My Office is in Rajaji Nagar, anyone familier with this area? I have found a P.G there but with 3 boys sharing which is crowded so I m open for other options. My date of joining is October 10th while I will be reaching Bangalore on October 5th. I need the phone number of you guys living close to this area, if you are living on rent then let me know & I will try to live there on rent.

Unlike Delhi, I will have my bike in Bangalore within 1st week of landing there so at least this time commutation won't be a problem. 

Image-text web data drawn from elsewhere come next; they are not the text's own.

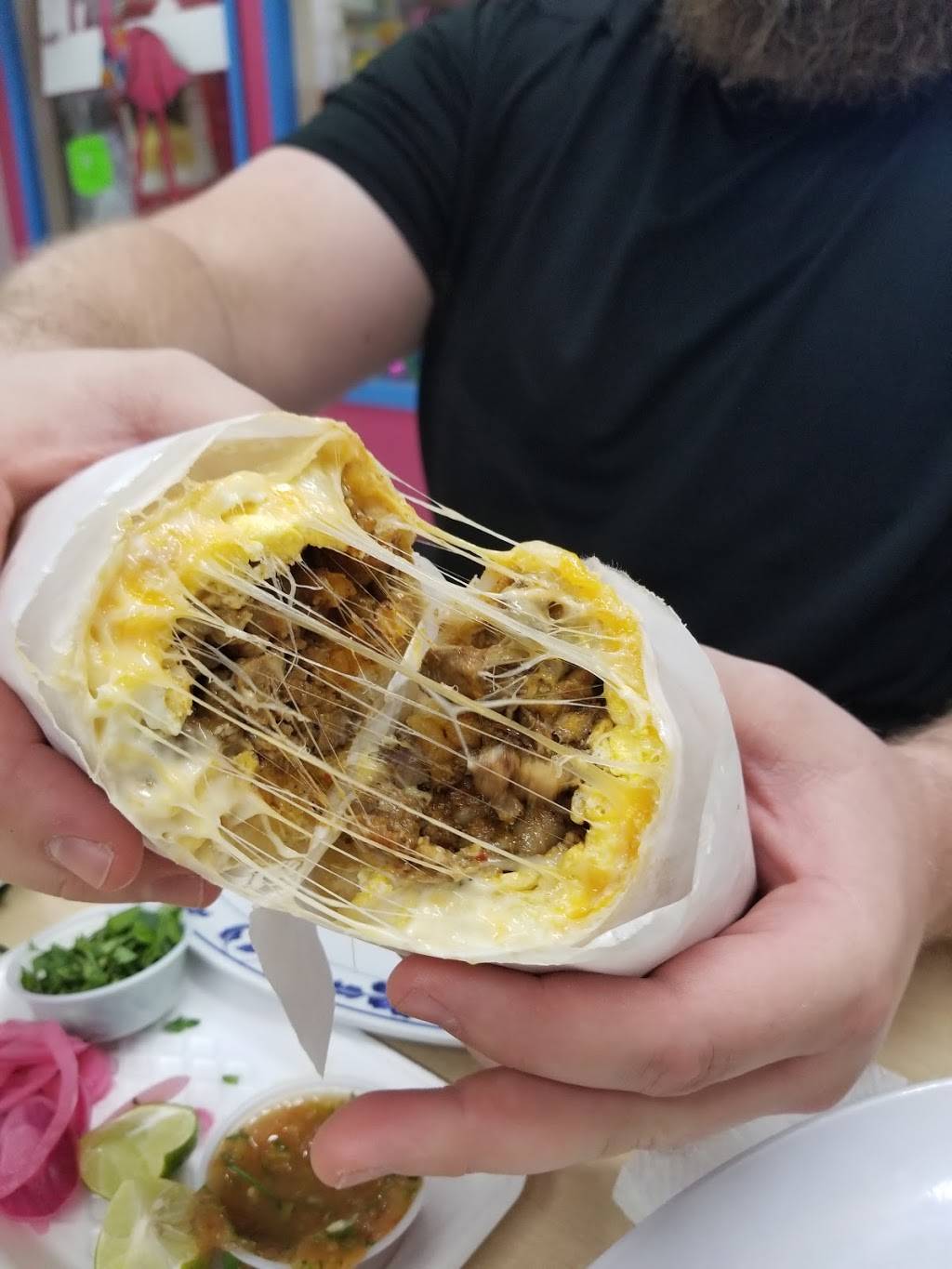 Tortas Ahogadas Guadalajara | restaurant | 518 N Arizona Ave, Chandler, AZ 85225, USA | 4808553888 OR +1 480-855-3888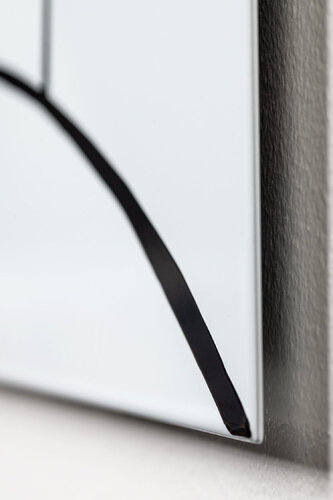 Porcelain Beauty I van Alex Katz, Afdruk te koop op Singulart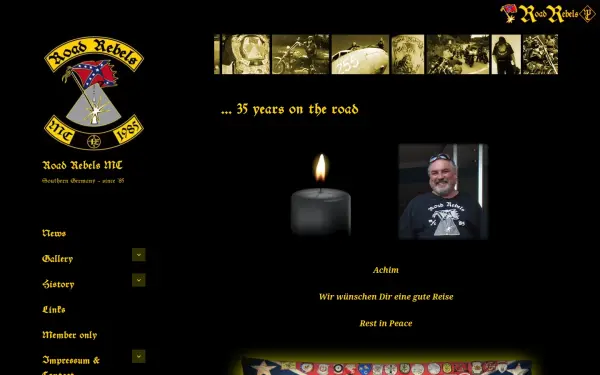 www.roadrebelsmc.com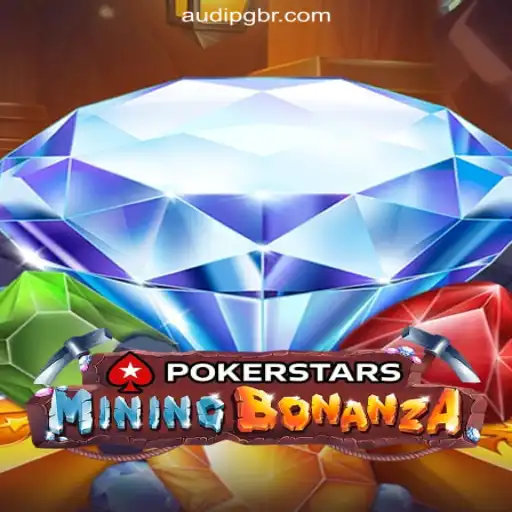 Exploring Pokerstars: Your Ultimate Guide to Online Casino Gaming in Brazil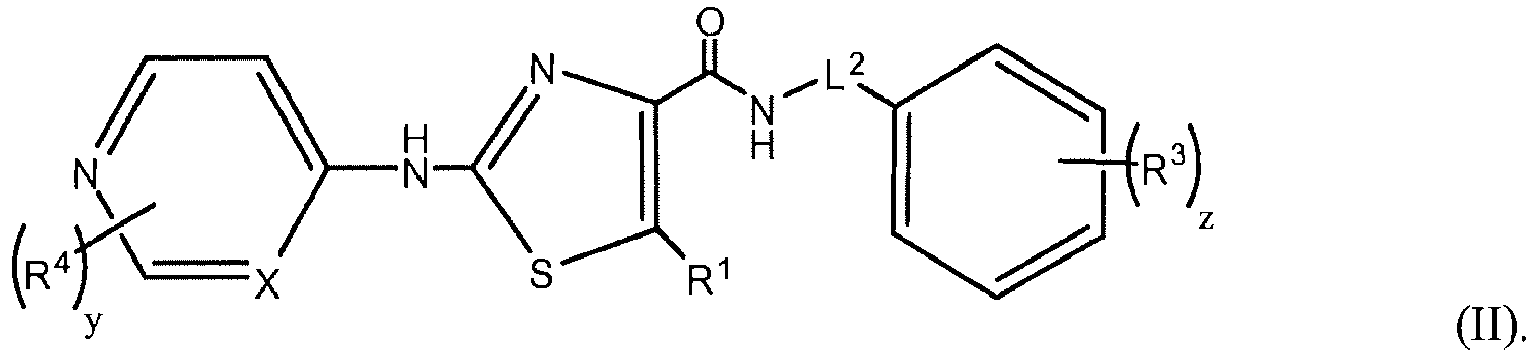 Figure imgb0019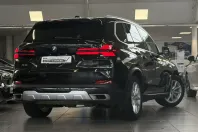 BMW X5 (Seria X) din 2023 cu 72.173 km - oferta BMW194754 - foto 2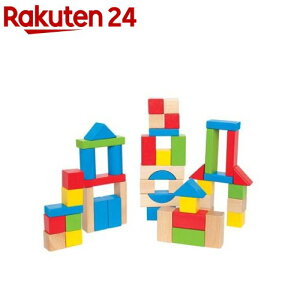 E0409A ςݖ(؁J[)50(1)yJ_z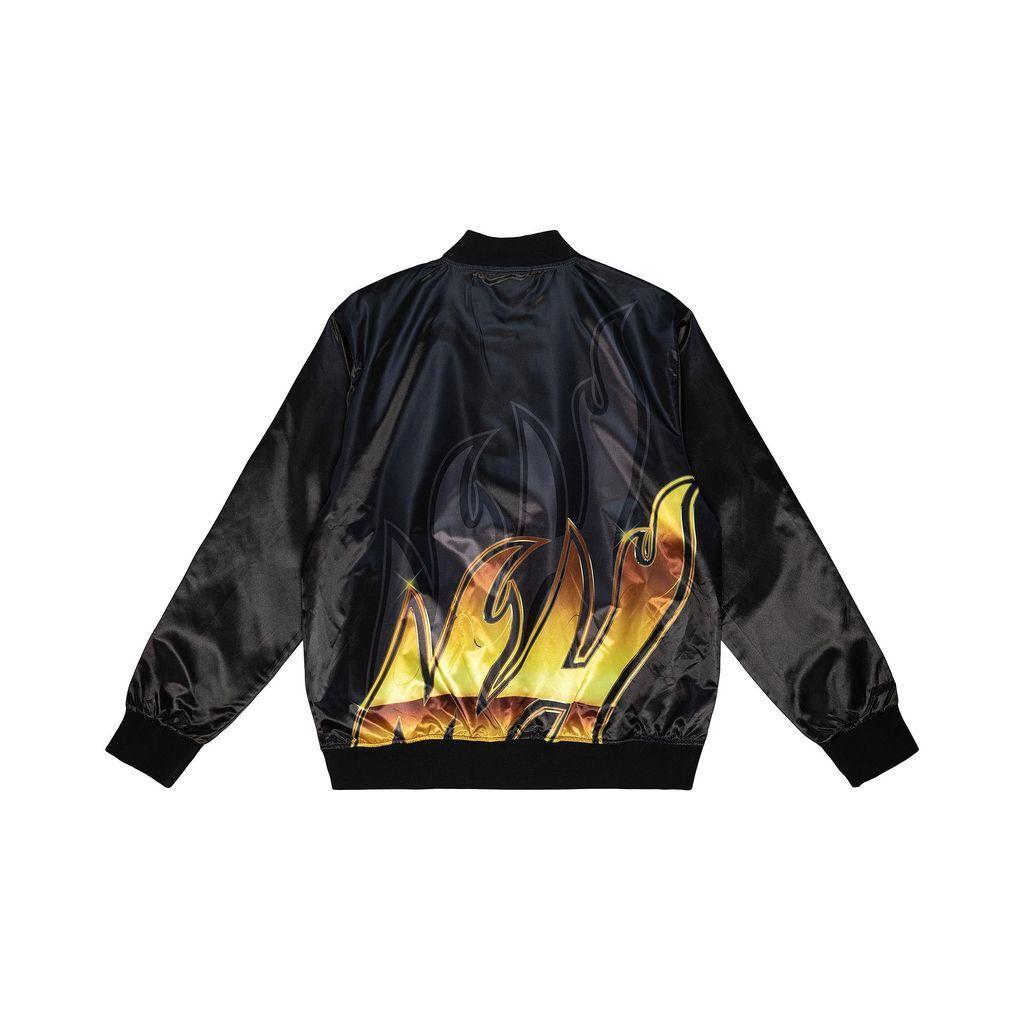 product/m/i/mitchell-ness_ojbf1261-mheyypppblck_black_2.jpg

So, how much has bangalore changed? What should I keep in mind if I am coming to bangalore now?


----------



## karmanya (Sep 26, 2008)

Lol. 
Wel, I haven't been to bangalore much, but in my experience, transportation is always a problem, even with your personal vehicle.


----------



## RCuber (Sep 26, 2008)

karmanya said:


> transportation is always a problem, even with your personal vehicle.

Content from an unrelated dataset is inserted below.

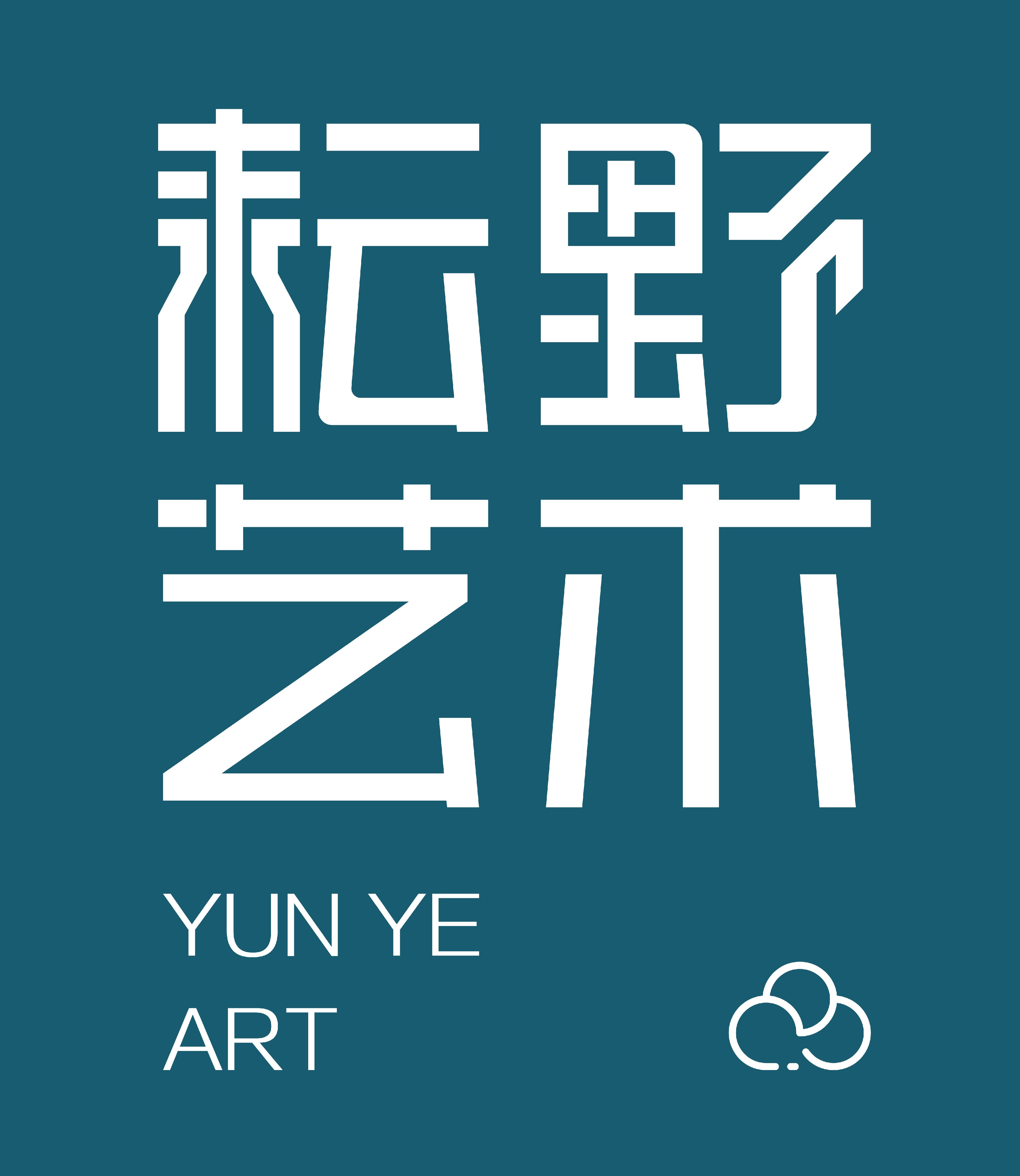 澄江市耘野教育培训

What transportation problem?


----------



## krazzy (Sep 26, 2008)

LOOOL! gx_saurav designing UI for Apple products! Ab yahi dekhna baaki reh gaya tha.


----------



## a_k_s_h_a_y (Sep 26, 2008)

gx_saurav said:


> Well, it seems my days in Delhi over now. I have got a high paying job in Bangalore in Sourcebits Technologies for UI & UX designing. I will be designing UI for Apple Mac & iPhone applications  (yeah yeah, making the enemy look good).



Finally  ! LOL !!!!!


----------



## BBThumbHealer (Sep 26, 2008)

krazzy said:


> LOOOL! gx_saurav designing UI for Apple products! Ab yahi dekhna baaki reh gaya tha.



+1 .... Saurav , yeh kya kiya yaar !


----------



## gxsaurav (Sep 27, 2008)

are yaar, it's just a job...& a reason to switch to bangalore & get free iPod Touch from Company ( which I will sell to buy Nokia N79 or HTC Touch Diamond ) 

The company saw my work of Windows & gave me job for Apple. I might also get a Macbook (will wipe the HD to install Vista). 

Help me with the quaries, any from near Rajaji Nagar?


----------



## desiibond (Sep 27, 2008)

^^ Hey, If your office is in Rajaji Nagar, The best place for you to live at is Malleswaram or Seshadripuram. They are costly areas but great localities to live in.

You can check Sulekha or Ad-Mag for house or PG.


----------



## gxsaurav (Sep 27, 2008)

I m planning to live in a P.G for the first 2 or 3 months & then move to a rented apartment after finding some roommates. 

At what price do U think I can find a P.G in these areas?


----------



## Faun (Sep 27, 2008)

gx_saurav said:


> get free iPod Touch from Company ( which I will sell to buy Nokia N79 or HTC Touch Diamond )
> 
> The company saw my work of Windows & gave me job for Apple. I might also get a Macbook (will wipe the HD to install Vista).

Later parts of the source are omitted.